There had been fears that the Federal Helium Reserve would stop selling commercial helium this October (7th) as it would have technically paid off the Federal Helium Program’s debt and funding was not provided for to take it beyond that point - a move that would have cut access to half of the domestic (US) supply and caused significant disruption to a helium supply chain that continues to experience supply shortages.

With no new legislation in place for this resource, and the possibility that funding for the BLM’s helium program would run out at the end of 2013’s third quarter, it had been feared that up to 4 BCF per year of capacity linked to the BLM Pipeline could be at risk.

The passing of the Act is, therefore, a major development in the helium business, providing continued stable access to the taxpayer-owned helium supplies while industry commissions and continues to develop new helium supplies. SGR understands the BLM program will continue to offer helium from the stored reserves, albeit under different terms, until it reaches the strategic level of 3 BSCF, at which time the BLM will only sell to Federal Helium Users.

Work to do?
The news appears to have been met with widespread satisfaction from some of the biggest names in the gases industry. Air Products, Praxair, Inc. and Linde North America have all been quick to issue statements to this effect.

But the work doesn’t end with President Obama’s signature on the Bill, however. In fact, it is the start of a considerable deal of work to be done in the rulemaking. SGR understands there is a great deal more discussion to be had concerning the terms and intent of the legislation. The rulemaking process itself means that there are still several stages of the document to be thrashed out; the legislative language needs to be clarified via drafting of regulatory language consistent with the legislative intent and there is room for both interpretation and negotiation.

SGR understands there is a great deal more discussion to be had concerning the terms and intent of the legislation.

There are also thought to be several ‘flaws’ in the draft Bill, with potentially difficult issues including the process for determining the price for crude helium sold from the Federal Reserve, price auction mechanisms for crude helium sold via auction, and clarifying the cost and availability of third-party tolling of crude helium by the helium refiners. Much of the doubt or debate in this area is derived from the current language of the Bill; the intent is to provide greater access to the Federal Helium Reserve for non-refiners so that the stockpile is no longer the private reserve of four companies. The tolling language, however, is currently considered vague. With this in mind, there will likely be continued maneuvering between the helium refiners and non-refiners in the coming months as they seek to exert their influence on the implementation of the legislation.

Activity has also begun within the US House of Representatives’ Committee on Natural Resources to develop a second helium bill. While this bill is primarily intended to address existing bottlenecks which slow the development of new helium sources on federal lands, it could also be a vehicle for fixing some flaws in HR 527.

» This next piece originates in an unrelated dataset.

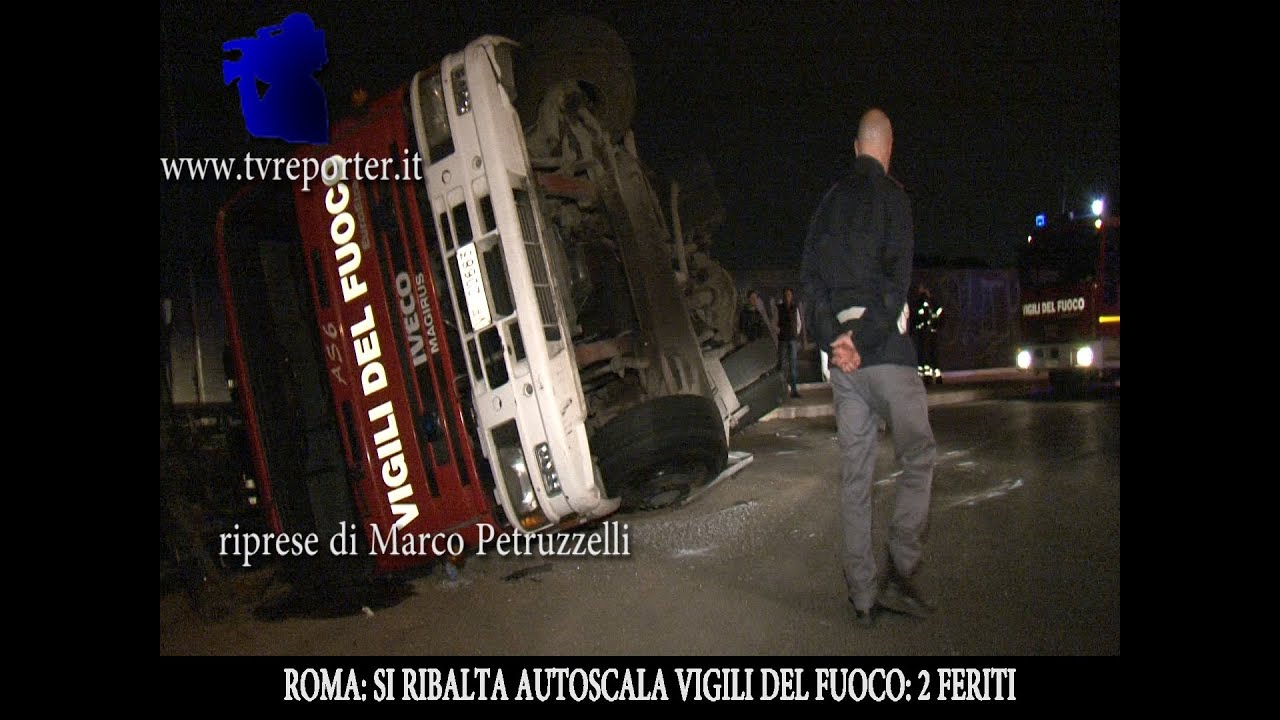 AUTOSCALA VIGILI DEL FUOCO SI RIBALTA, FERITI 2 POMPIERI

With the passing of the Helium Stewardship Act (HSA), there will be continued stable access to the taxpayer-owned helium supplies while industry starts-up and continues to develop new helium supplies. Speaking of which, IACX Energy has reportedly commenced helium production and sales from a new facility at the Harley Dome in Utah. The facility is the first helium-only application to extract the rare gas from federal lands and is IACX’s third helium plant.

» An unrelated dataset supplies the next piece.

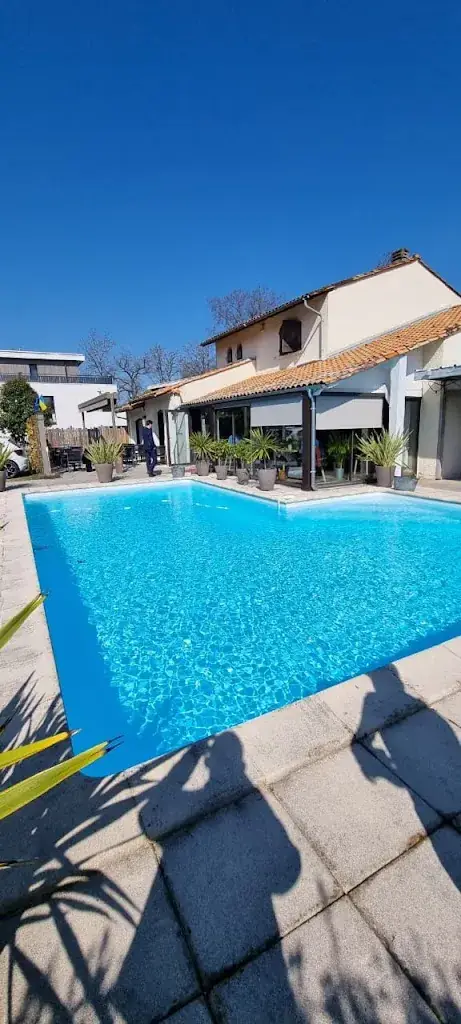 Sam OL_The Serpolet_Pessac_review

But neither the Harley Dome project or the passing of the HSA is the end of a currently tight helium market. Shortages still exist around the world; the start of production from new sources in Qatar, Algeria and the US is thought to have either been delayed or is ramping up slower than anticipated. Even with new legislation in place, there is no escaping the fact that the Federal Helium Reserve is slowly depleting - its current security merely averts an even bigger crisis in the global market.